$90bn Illicit financial flows via Nigeria

The recent revelation by the Independent Corrupt Practices and Other Related Offences Commission (ICPC) to the effect that the bulk of an estimated USD90 billion leaving Africa through illicit financial flow annually comes from Nigeria is mind boggling. This unfortunate scenario is, no doubt, a drawback to the Muhammadu Buhari administration’s war against corruption, which has recorded huge successes since 2015 when the government came into being.   

The Chairman of ICPC, Bolaji Owansanoye, made the disclosure in Makurdi during the commemoration of “The African Union Anti-Corruption Day,” themed “The opportunity cost of corruption and the value of asset recovery.”

Represented by the Benue ICPC Commissioner, Mr. Adebayo Obaniyi, he said the commission was at the moment tracking all constituency projects from 2015 till date across the country. This is even as the commission alleged that a lawmaker from Benue state diverted constituency projects for personal use. 

He said the commission discovered so many issues in the cost of their tracking of constituency projects in the state. Owasanoye said a Benue federal lawmaker diverted a constituency community borehole project to building his personal house.

The commission, he further stated, also discovered a situation in Benue South Senatorial District where a constituency road project was completed on paper but not executed. Owansanoye said negative impact of corruption on the continent’s economic development were very obvious. 
“It is even sad that the bulk of an estimated USD90 billion that leaves Africa through illicit financial flow annually might have come from Nigeria. The continent as a whole, certainly receives less than that amount in development assistance from countries of Europe and America yearly.
“Since proceeds of crime end in assets, stashed mostly abroad, it is good that Nigeria adopts the strategy of asset recovery and return to the source as one of the cardinal points of her national anti-corruption strategy.”

The ICPC boss further said the commission would also ensure the effective utilisation of budgetary allocations to social welfare and human development.
Earlier, chairman of the occasion and former ICPC Commissioner, Mr.

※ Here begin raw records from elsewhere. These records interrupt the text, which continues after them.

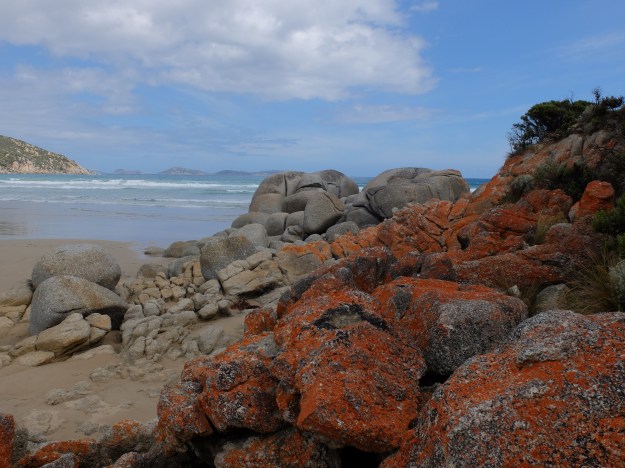 Whisky beach has beautiful boulders and caves at low tide!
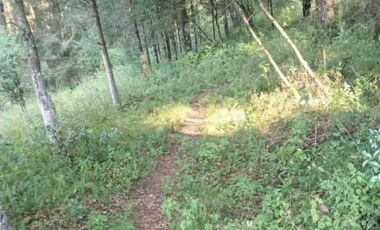 TERRENO EN VENTA, LA ESTANZUELA, HGO.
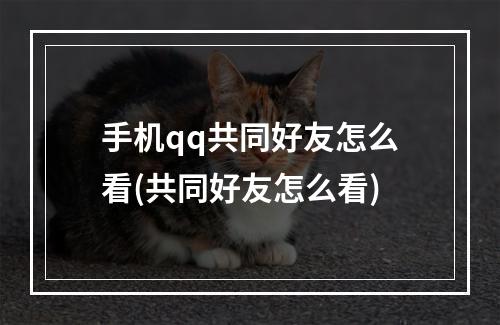 手机qq共同好友怎么看(共同好友怎么看)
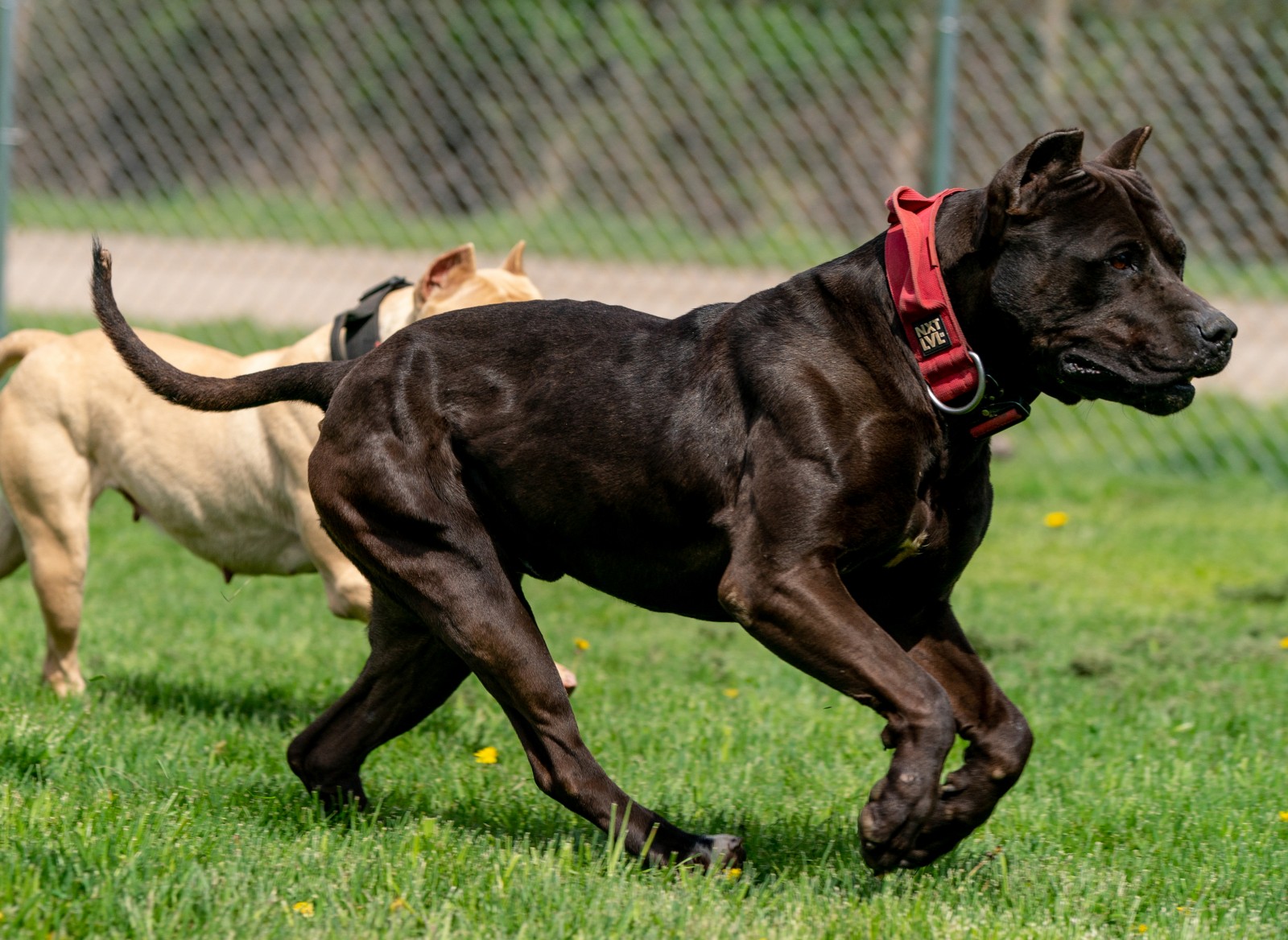 Unleashed Kennelz black XL pit bull shows off his structure in this shot, mid stride alongside champagne female, Chevy.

Geoffrey Anumve, said the commission needed to carry out intensive education on endemic corruption. Anumve said Nigeria was regarded by other nationals as the most corrupt country in the world.
“Corruption has eaten deep into our system, right from the roads, motor parks, markets, schools, among others. In our universities today, there is serious corruption actively ongoing, we have the issues of sex and money for marks which are all corruption,” Anumve said

Similarly, Africa loses over $50 billion to illegally acquired assets annually, the Economic and Financial Crimes Commission (EFCC) has said.

The Ilorin zonal head of the agency, Mr. Ishiaku Sharu, said this in Ilorin recently during a walk to mark the 3rd African Union Anti-Corruption Day rally with the theme: “Towards a common African position on asset recovery”.

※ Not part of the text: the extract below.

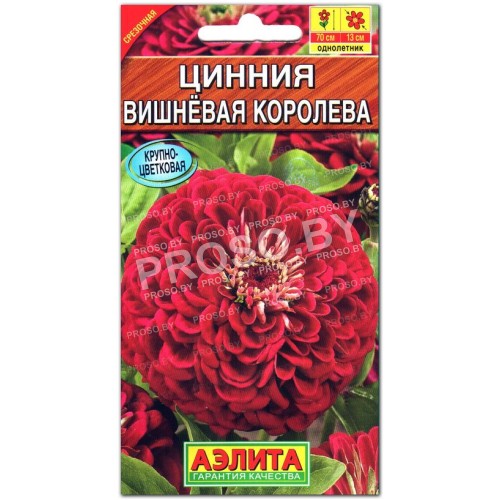 Цинния изящная Вишневая королева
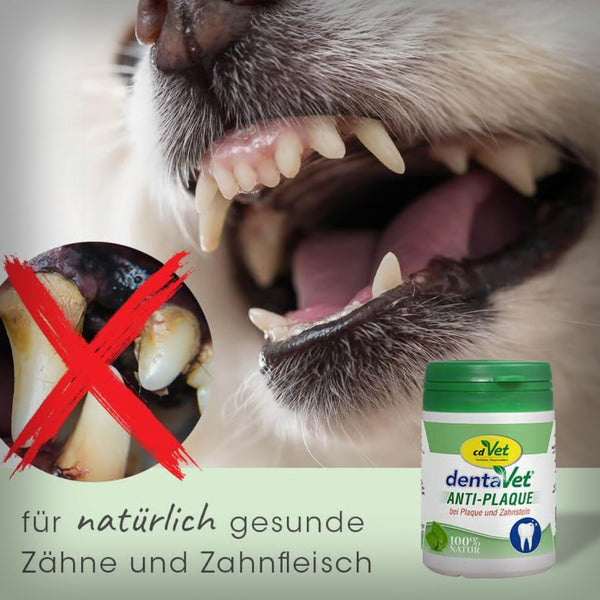 DENTAVET ANTI-PLAQUE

Speaking during the rally, Sharu said there was the need to strengthen international cooperation among anti-corruption agencies in Africa for the purpose of developing a common position framework on assets recovery and return.

“The continent is losing over $50 billion yearly due to illegally acquired assets located all over the world and the process of tracing, freezing, management and eventual repatriation of assets is a long process, hence the need for the involvement of relevant instruments through international cooperation to repatriate stolen assets back to Africa,” he said.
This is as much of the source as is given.